Figure 10: Tranformation for cloning a component instance including all its port instances

The signature at the start node shows that the transformation needs two parameters: the software component instance that is to be duplicated, and a name prefix for the new instance. The transformation returns the duplicate software component instance. The transformation consists of three activities. The first activity begins with the comp object which has been passed as an argument and thus is already bound. Next, the type of the component instance identified by comp and the diagram which comp is deployed in are bound. After that, a new software component instance of the same type is created. The new component's name is composed of the prefix and the original component's name.
The next activity is a for each activity. For every match of the specified structure that can be found in the architectural model, its each time transition is traversed. In this case, this happens for every discrete port instance attached to the original component instance. The each time transition leads to the third activity which creates a new discrete port instance on the duplicate component instance. Since this is done for all ports of the original component instance, a duplicate of the original component instance with the same number of port instances is returned in the end.

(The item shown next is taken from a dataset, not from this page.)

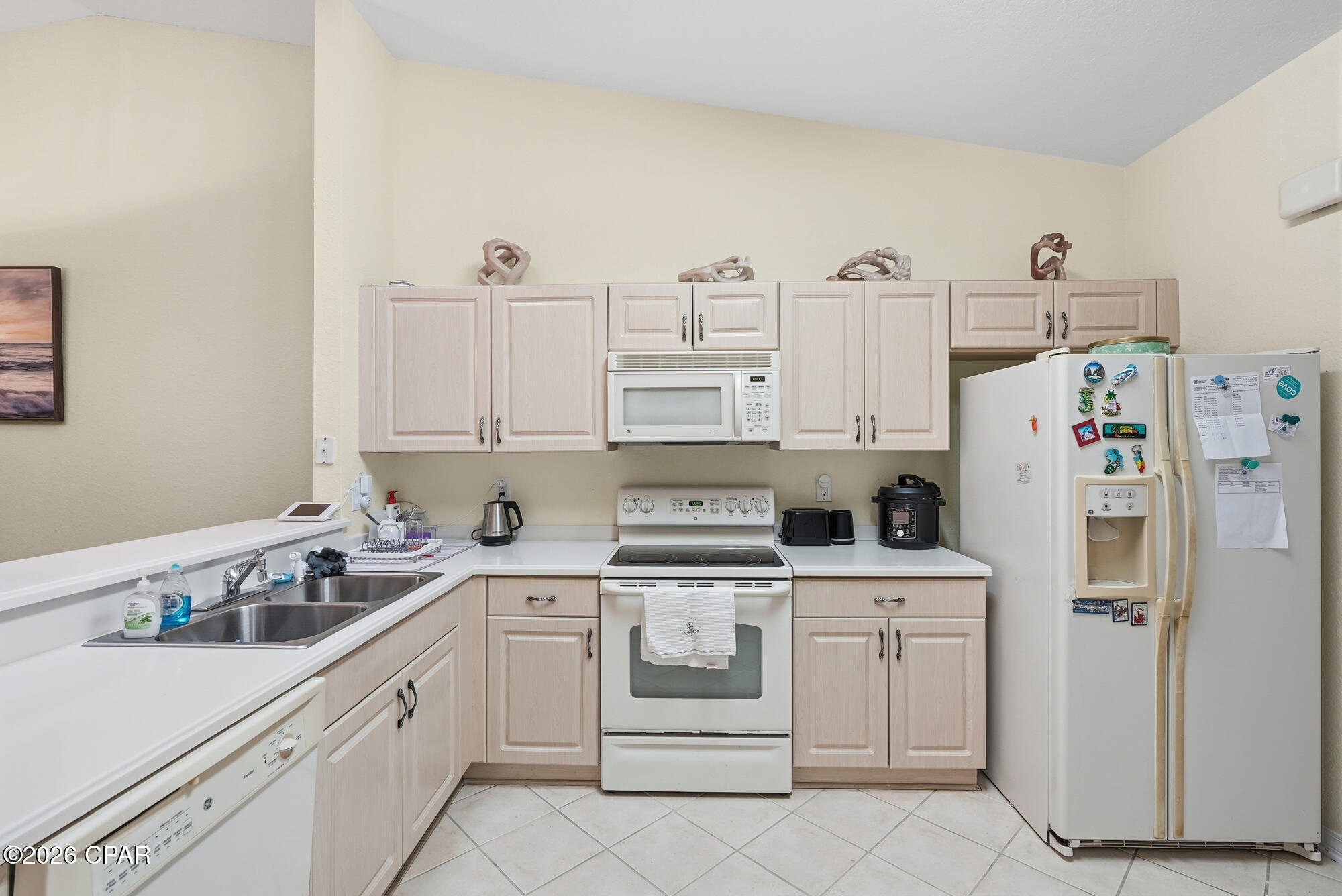 Image 10 For 63 Park Place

Figure 11: Part of the transformation which applies the Triple Modular Redundancy technique to the architecture

Figure 11 shows a section of the "Triple modular redundancy" transformation. The first activity creates two copies of a given software component instance by calling the "Duplicate component instance" transformation. The component instance for which the TMR technique is to be applied is used as an argument for both transformation calls (represented by the rounded rectangles). After that, multipliers for the incoming values and voters for the outgoing values of the component instances are created. The port instances are rewired appropriately.